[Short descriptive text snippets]
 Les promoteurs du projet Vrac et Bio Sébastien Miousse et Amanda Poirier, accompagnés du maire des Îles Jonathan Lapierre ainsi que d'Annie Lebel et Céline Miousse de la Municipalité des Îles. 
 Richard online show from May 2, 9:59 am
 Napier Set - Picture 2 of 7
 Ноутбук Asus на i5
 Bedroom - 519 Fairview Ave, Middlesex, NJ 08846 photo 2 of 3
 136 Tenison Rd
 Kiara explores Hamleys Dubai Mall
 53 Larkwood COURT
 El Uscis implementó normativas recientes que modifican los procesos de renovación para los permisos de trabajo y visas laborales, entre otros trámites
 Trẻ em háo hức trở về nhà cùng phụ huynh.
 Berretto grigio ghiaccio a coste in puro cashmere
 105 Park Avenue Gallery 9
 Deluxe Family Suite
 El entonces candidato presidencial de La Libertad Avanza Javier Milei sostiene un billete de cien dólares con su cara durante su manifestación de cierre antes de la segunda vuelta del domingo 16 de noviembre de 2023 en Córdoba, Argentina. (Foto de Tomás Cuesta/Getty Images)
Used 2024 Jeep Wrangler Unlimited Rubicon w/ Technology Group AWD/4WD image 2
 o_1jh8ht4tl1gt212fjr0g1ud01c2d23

◆ REQUIRED WORK: Quote exactly the first line of the entries and every line after it, stopping with the line that contains "Used 2024 Jeep".

◆ SOLUTION BELOW:
 Les promoteurs du projet Vrac et Bio Sébastien Miousse et Amanda Poirier, accompagnés du maire des Îles Jonathan Lapierre ainsi que d'Annie Lebel et Céline Miousse de la Municipalité des Îles. 
 Richard online show from May 2, 9:59 am
 Napier Set - Picture 2 of 7
 Ноутбук Asus на i5
 Bedroom - 519 Fairview Ave, Middlesex, NJ 08846 photo 2 of 3
 136 Tenison Rd
 Kiara explores Hamleys Dubai Mall
 53 Larkwood COURT
 El Uscis implementó normativas recientes que modifican los procesos de renovación para los permisos de trabajo y visas laborales, entre otros trámites
 Trẻ em háo hức trở về nhà cùng phụ huynh.
 Berretto grigio ghiaccio a coste in puro cashmere
 105 Park Avenue Gallery 9
 Deluxe Family Suite
 El entonces candidato presidencial de La Libertad Avanza Javier Milei sostiene un billete de cien dólares con su cara durante su manifestación de cierre antes de la segunda vuelta del domingo 16 de noviembre de 2023 en Córdoba, Argentina. (Foto de Tomás Cuesta/Getty Images)
Used 2024 Jeep Wrangler Unlimited Rubicon w/ Technology Group AWD/4WD image 2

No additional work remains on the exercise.